Background: Long-term follow-up studies are required to better understand the extent of the effectiveness of early detection programs for perinatal depression. We followed up participants in such a program to investigate the long-term depression, treatment and relationship outcomes of mothers originally identified as 'probably depressed' (screened positive).
Methods: At 2 years postpartum all participants who had 'screened positive' (N=159) and a random sample of participants who had 'screened negative' were invited to participate in a mailed survey. Measures included: current mood; coping; access to treatment; quality of partner relationship; and mother-infant bonding.

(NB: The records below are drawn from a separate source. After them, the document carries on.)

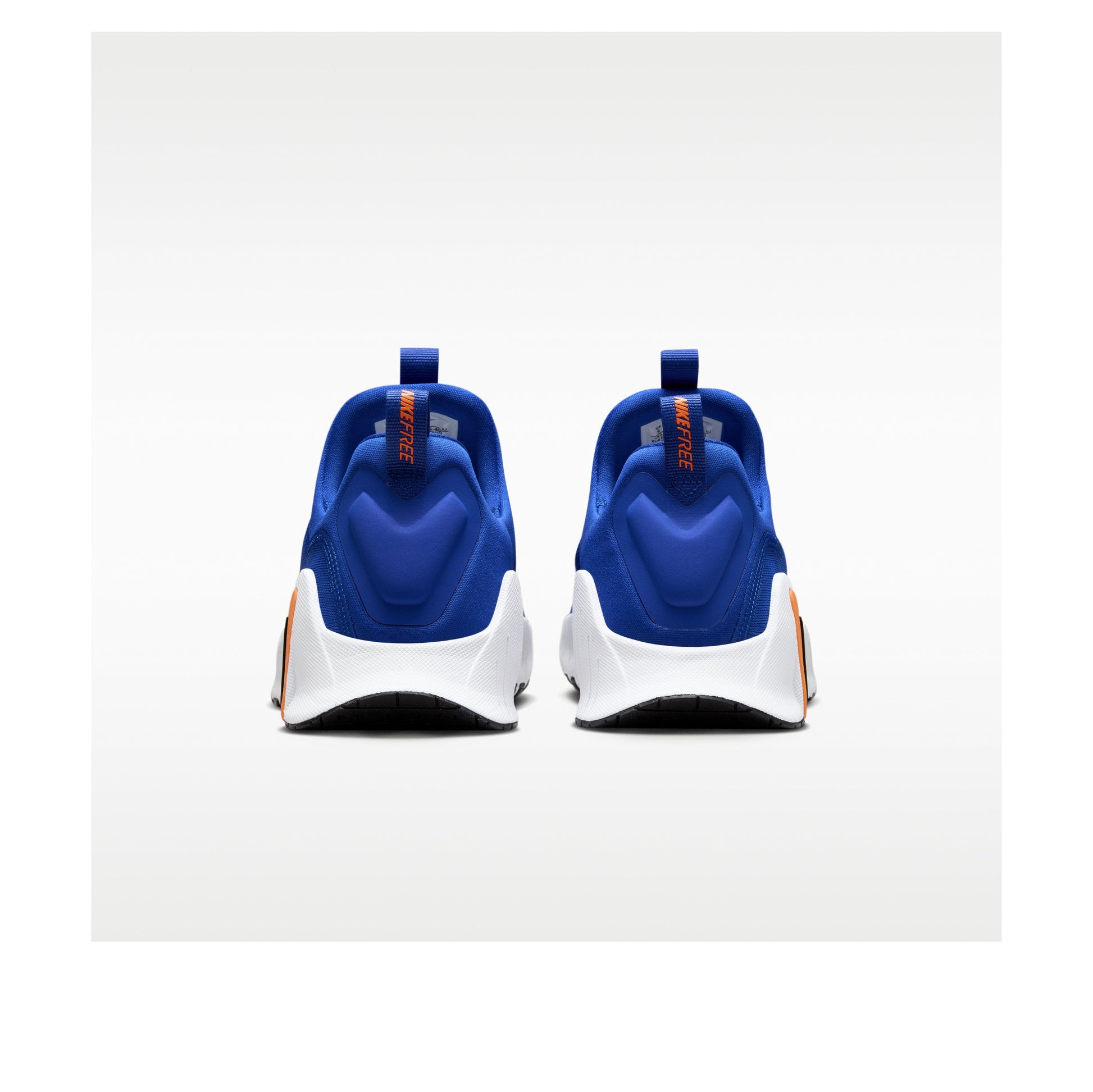 (WMNS) Nike Free Metcon 6 'Racer Blue Sail Total Orange' FJ7126-400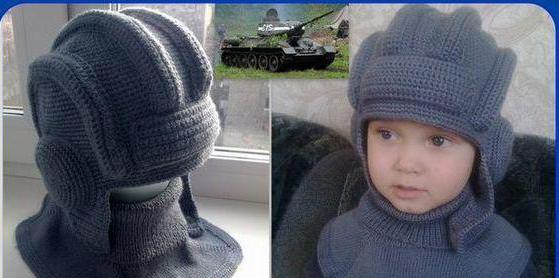 шапка танкиста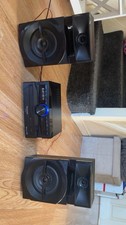 Panasonic SA-UX100 Bluetooth and USB 300W CD Stereo System
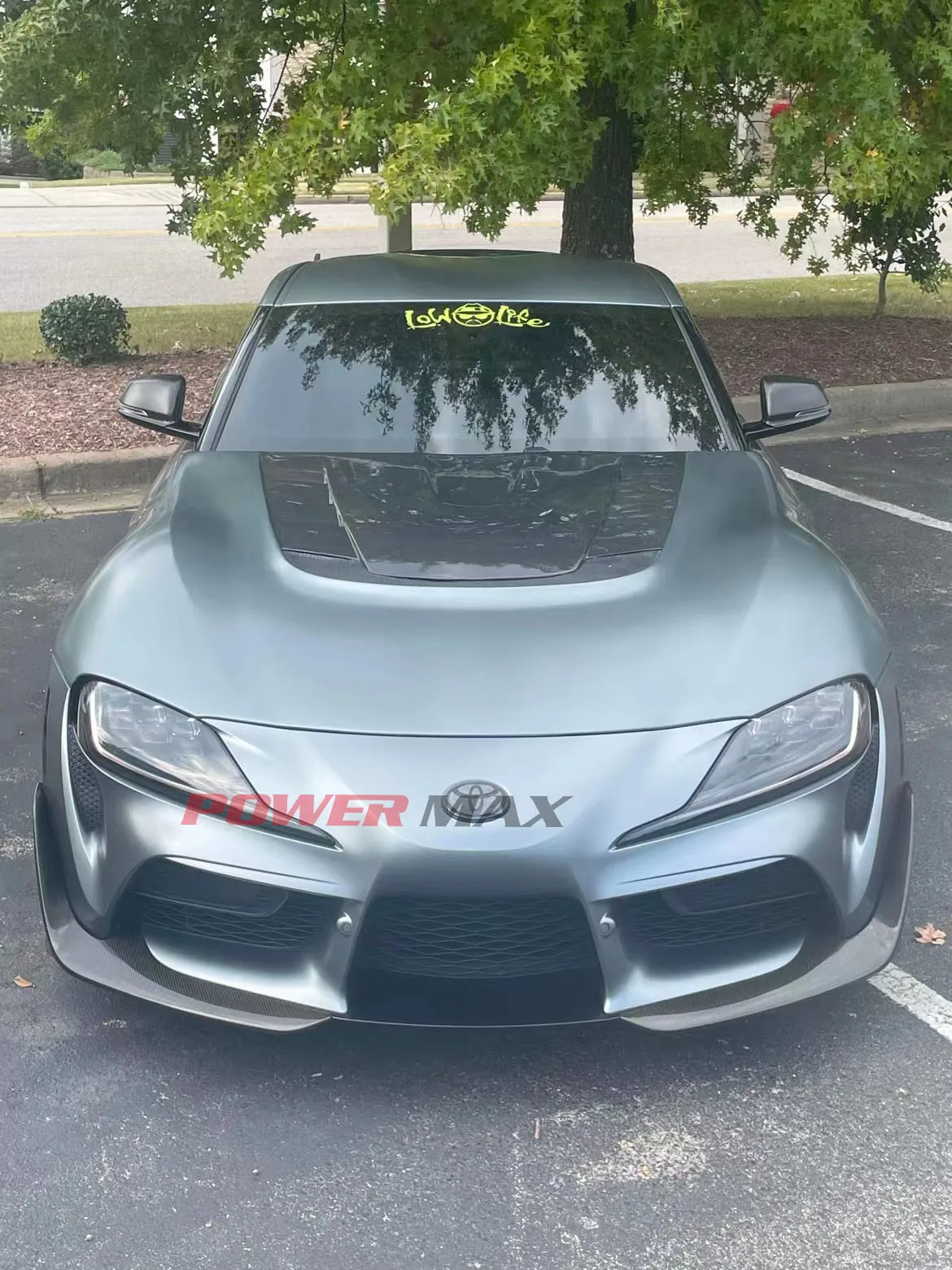 

Carbon Fiber Hood For Toyota GR Supra A90 A91 MKV Replacement Diffuser Lip Body Kit High Quality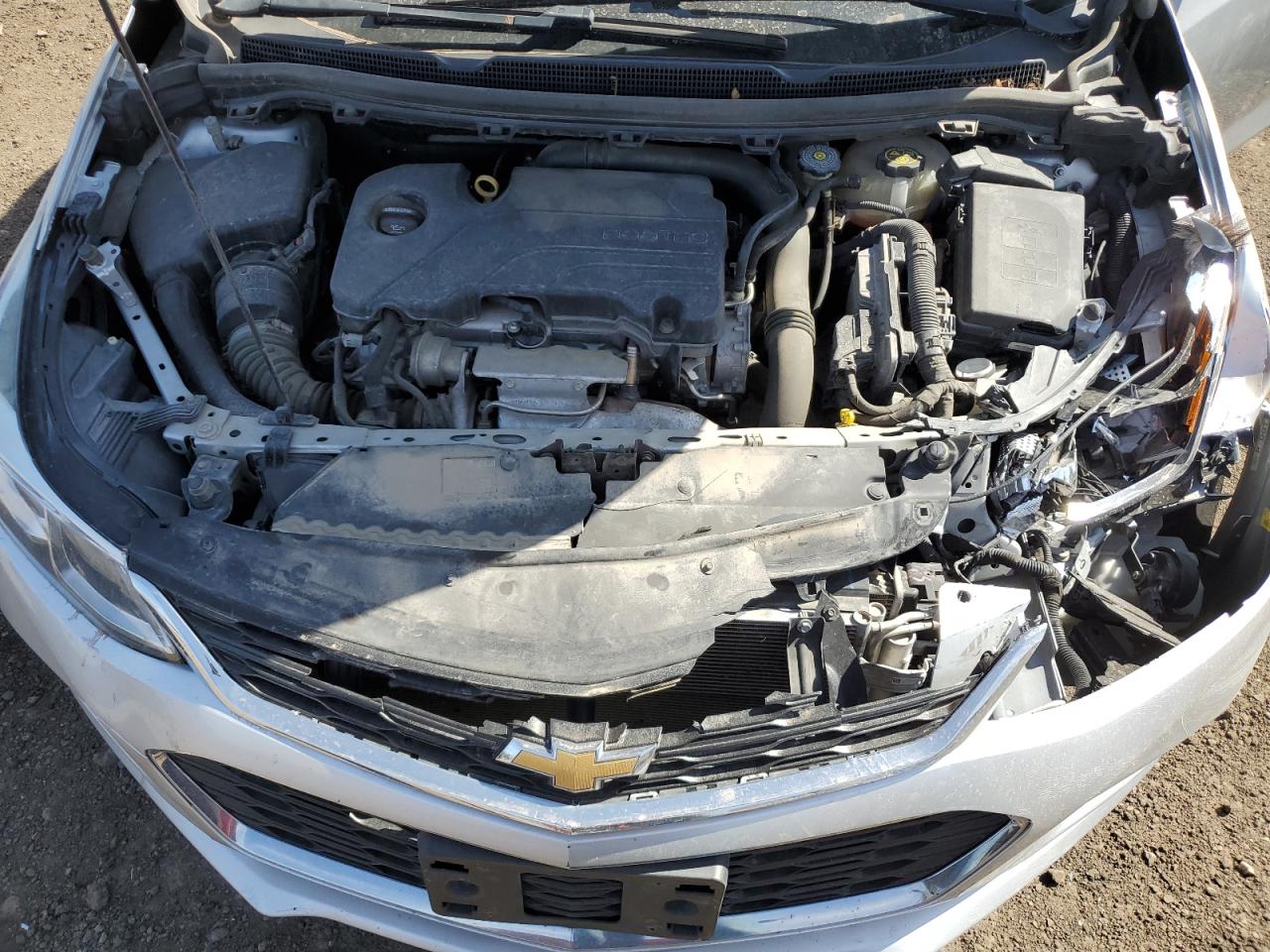2018 Chevrolet Cruze VIN 1G1BC5SM2J7189166 Copart auction photo, front end damage thumbnail 13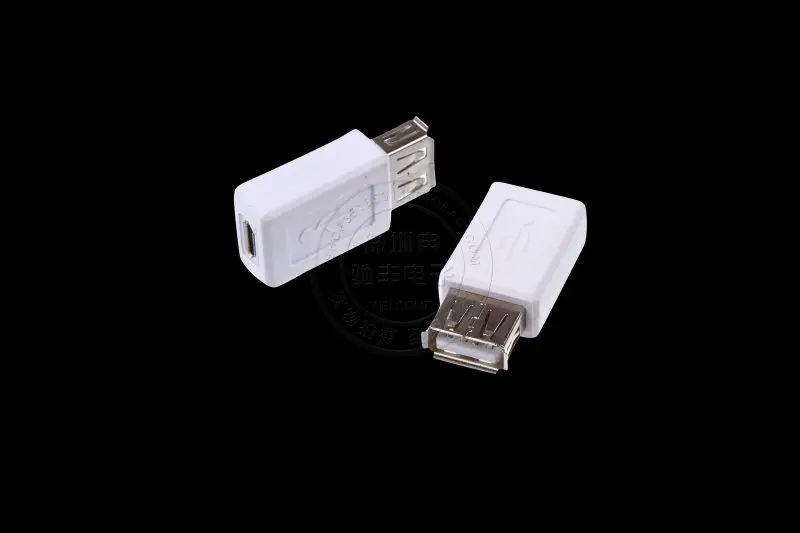 

NEW 2PCS USB 2.0 Female A to Micro USB B New 5 Pin Female Adapter Connector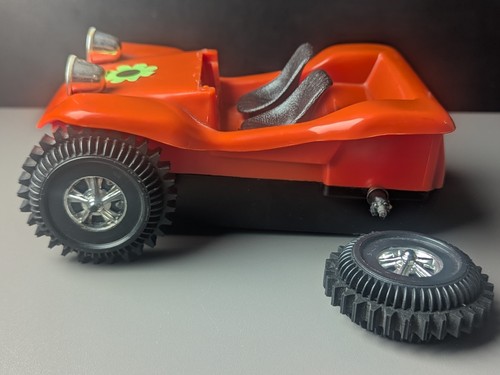 Vintage strand buggy - buggy, battery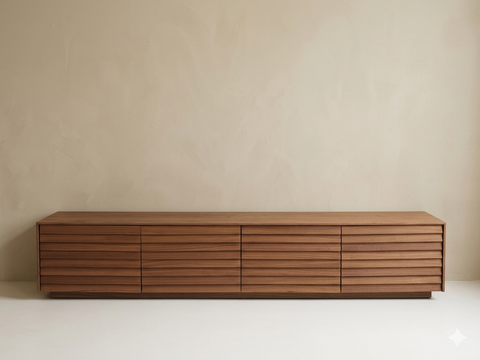 Toonzaalmodel tv-meubel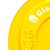 Olympic color rubber “Bumper Plate” Ø 51mm GladiatorFit | 15 KG, Colour: Yellow, Additional Weight: 15 kg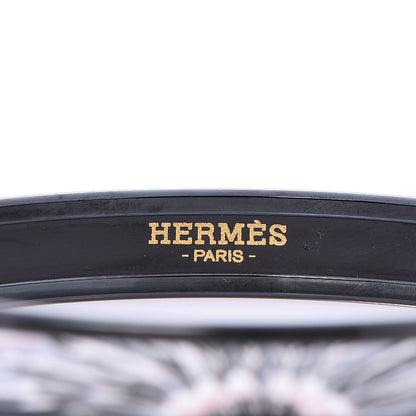 Hermes Enamel Printed Brazil Narrow Bracelet 65 4 of 6
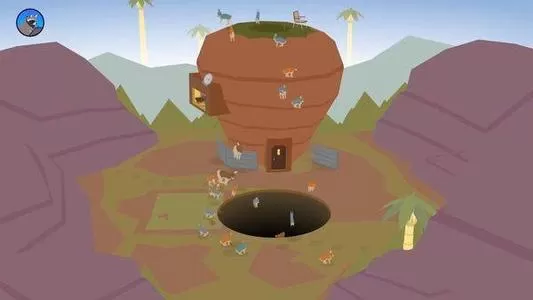 【9.0】PS4《甜甜圈都市 Donut County》中文版PKG下载+1.01补丁_1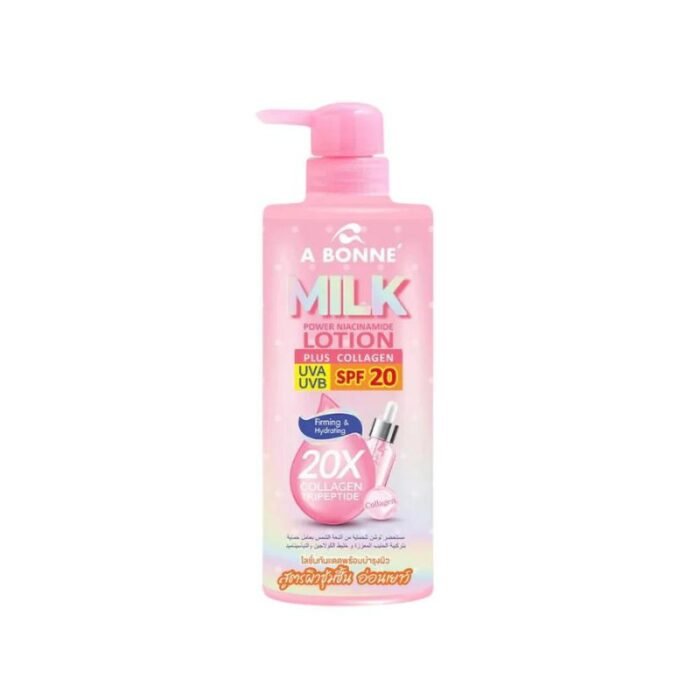A Bonne Milk Power Niacinamide Lotion Plus Collagen SPF20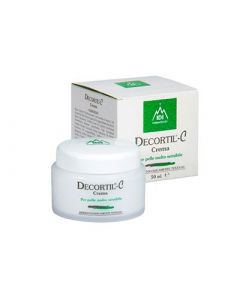 Decortil C Crema Idratante Pelli Molto Sensibili 50 ml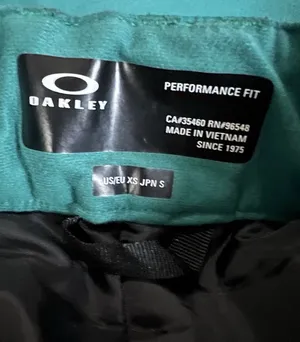 NWT Oakley Insulated Jasmine Snowboard/Ski Pants Green Lake thumbnail 4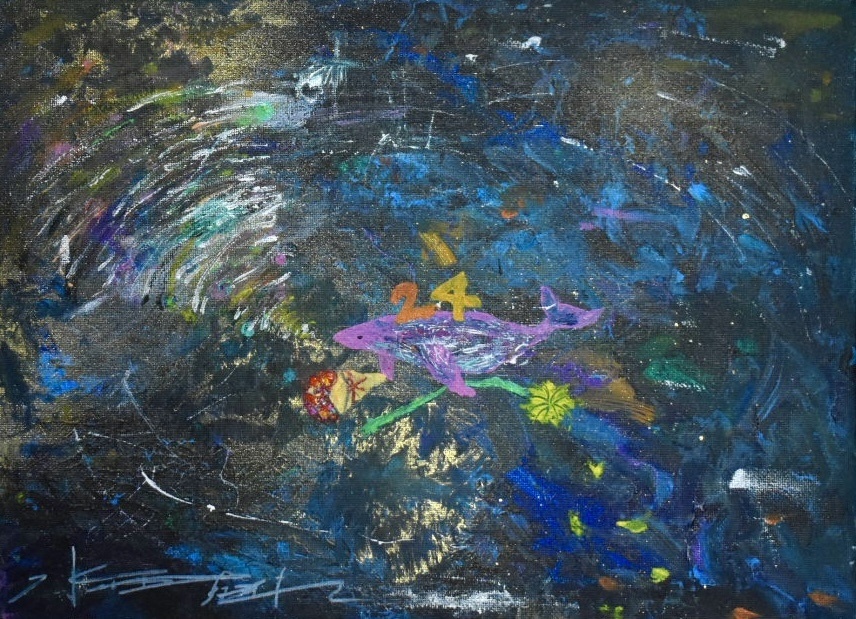 Mizui_chan Design iPhoneケース①(『52』)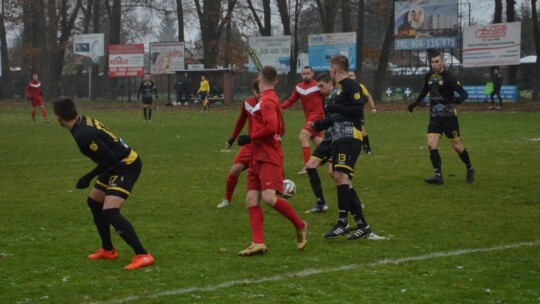 Zwycięstwo Wilgi na pożegnanie z kibicami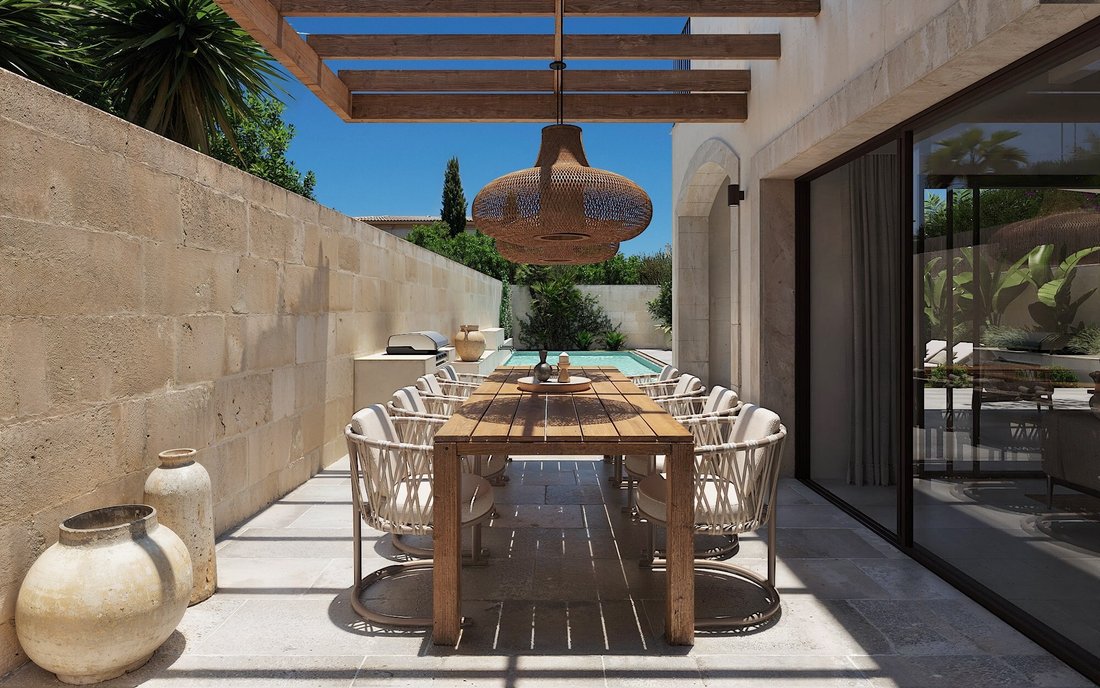 Townhouse in ses Salines, Balearic Islands, Spain 5 - 17742449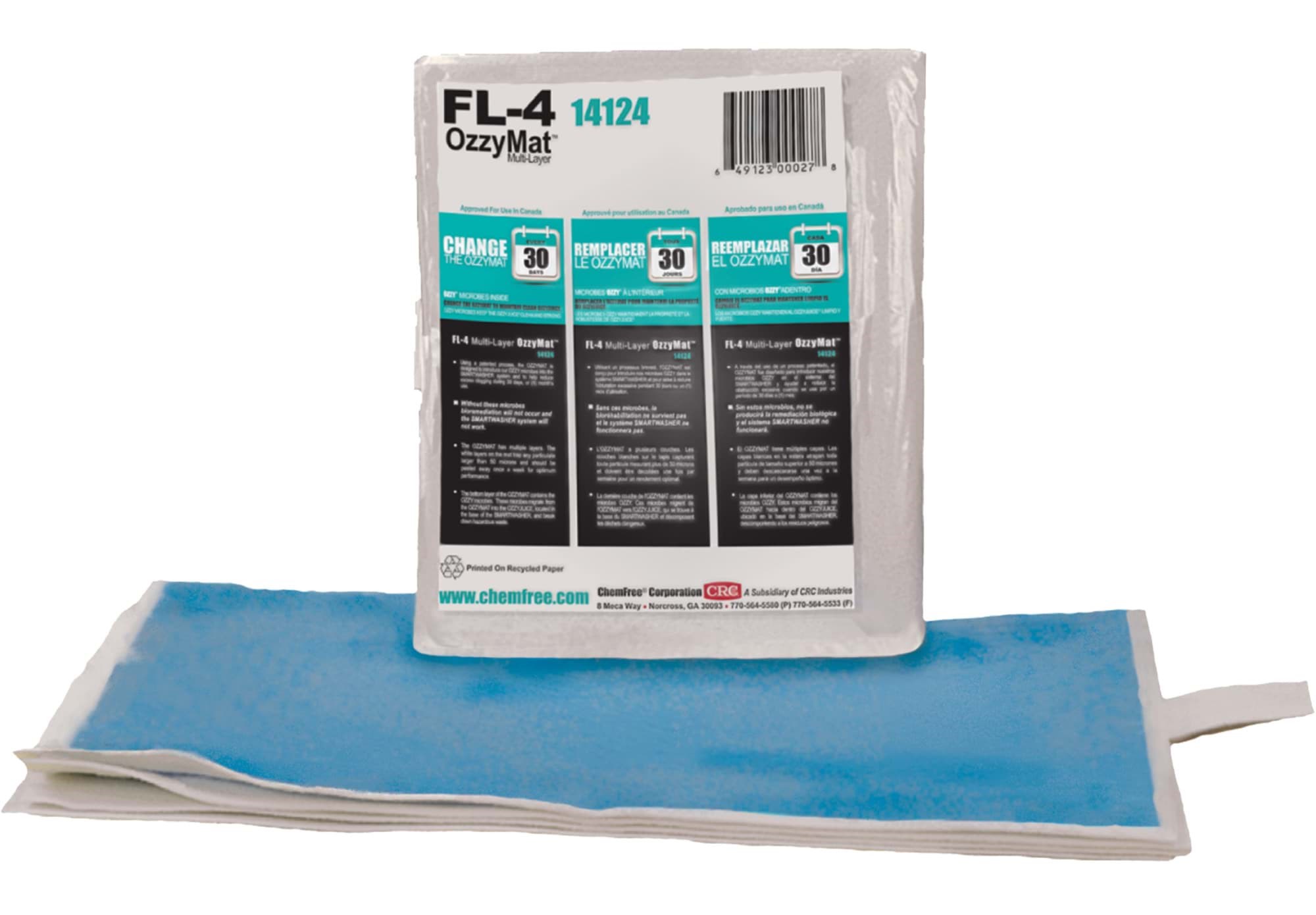 Picture of FL-4 OzzyMat Multi-Layer Fluid Activation Mat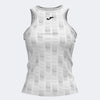 Canottiera Donna Smash Bianco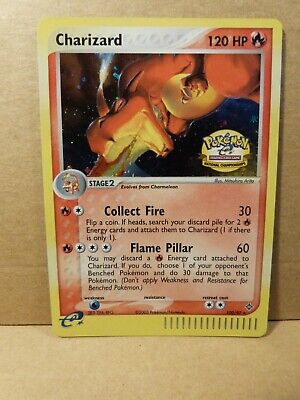 Pokemon Secret Rare Card    10097 Charizard Ex Dragon National Championships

Results: Mothers originally detected as probably depressed (n=98) fared significantly worse than 'screened negative' mothers (n=101) both in terms of their higher mean depression scores (EPDS: Ms=11.0 vs. 6.4) and greater proportions categorised as probably depressed at 2 years postpartum (40% vs. 11% respectively, p<.001, phi=.33). Elevated depression symptoms at 2 years postpartum were associated with poorer partner relationships and mother-infant bonding. Moreover, there appears to be a double dose effect for women who screen positive on two occasions. Thirty-seven percent of depressed mothers did not take up treatment, frequently citing a preference for using their own resources.
Limitations: Limitations include the use of self-report measures to assess depression symptoms and mother-infant bonding. Treatment data was collected retrospectively.
Conclusions: Despite being offered treatment options, a substantial proportion of women who screened positive had poor long-term mental health and relationship outcomes. This paper discusses some of the implications for perinatal early detection and treatment programs.